Using a special interferometer and data from the 1990s, two Canadian researchers say that they can explain why the sky seems so much brighter on some nights. Ultraviolet radiation from the sun interacts with oxygen molecules in the atmosphere on a regular basis, occasionally splitting them into negatively charged oxygen ions. When these ions meet each other again and recombine, the reaction gives off energy in the form of visible light.

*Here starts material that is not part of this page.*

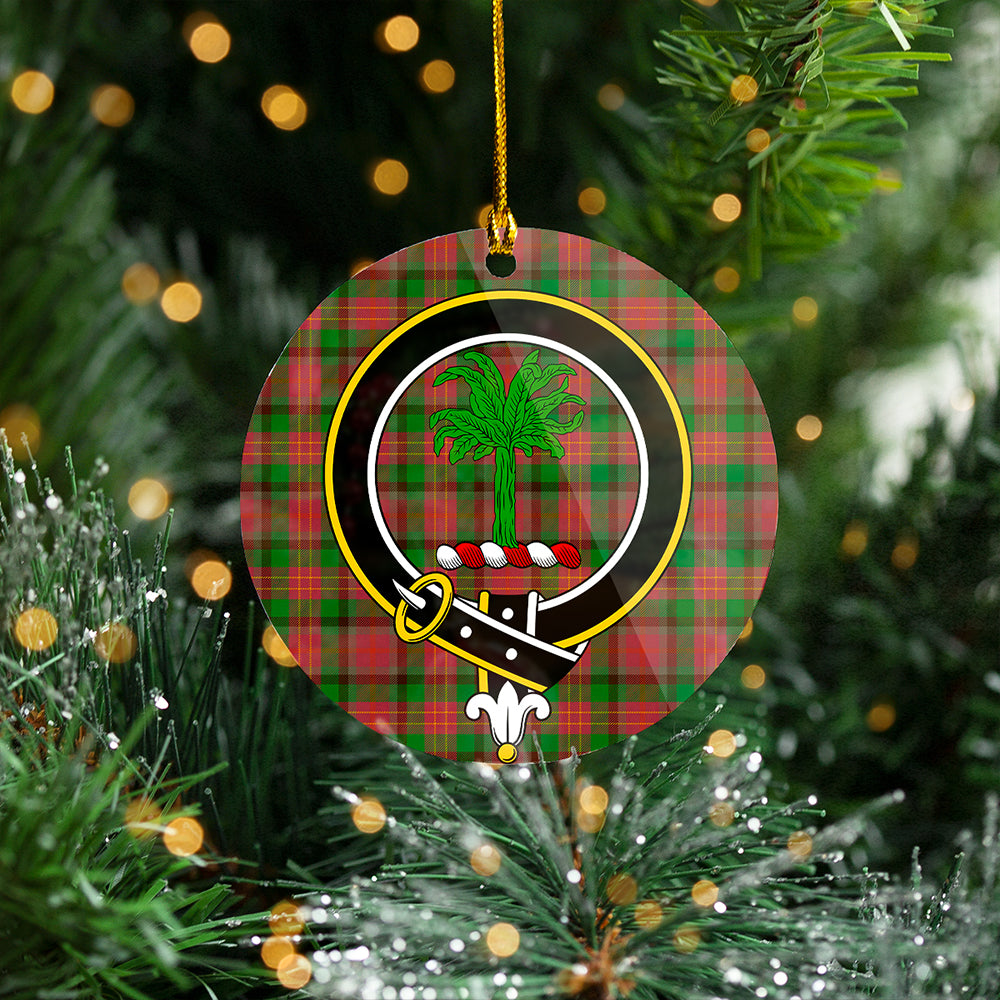 Leighton Ancient Clan Badge Tartan Plastic Christmas Ornaments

This reaction is called airglow, and it’s something that researchers have been measuring for well over a century with specialized instruments. It often appears in pictures from the International Space Station, manifesting as a thin green curve hovering above the surface of Earth. The faint gleam isn’t all that rare —the authors estimate that it’s occurring somewhere around the planet about seven percent of the time — but airglow is normally invisible to us down here on the surface, as it is too faint to see.

But on rare occasions airglow lights up the night sky due to the “stacking” of high-altitude atmospheric waves, which can multiply the intensity by a factor of 10. When the wave frequencies align, their amplitudes increase, and when up to four of them combine at a certain longitude, the night sky comes alive.

In a paper published in Geophysical Research Letters, the researchers estimate that this occurs roughly once a year for any given location, although the presence of a full moon or other light source can wash the glow out. When strong storms roil the atmosphere, it can make the bright nights more likely, a factor that may increase in frequency as weather patterns shift around the world.

For many of us, it won’t really make a difference though — the light pollution that emanates from our urban areas swallows up even the strongest airglow for miles after the city limits.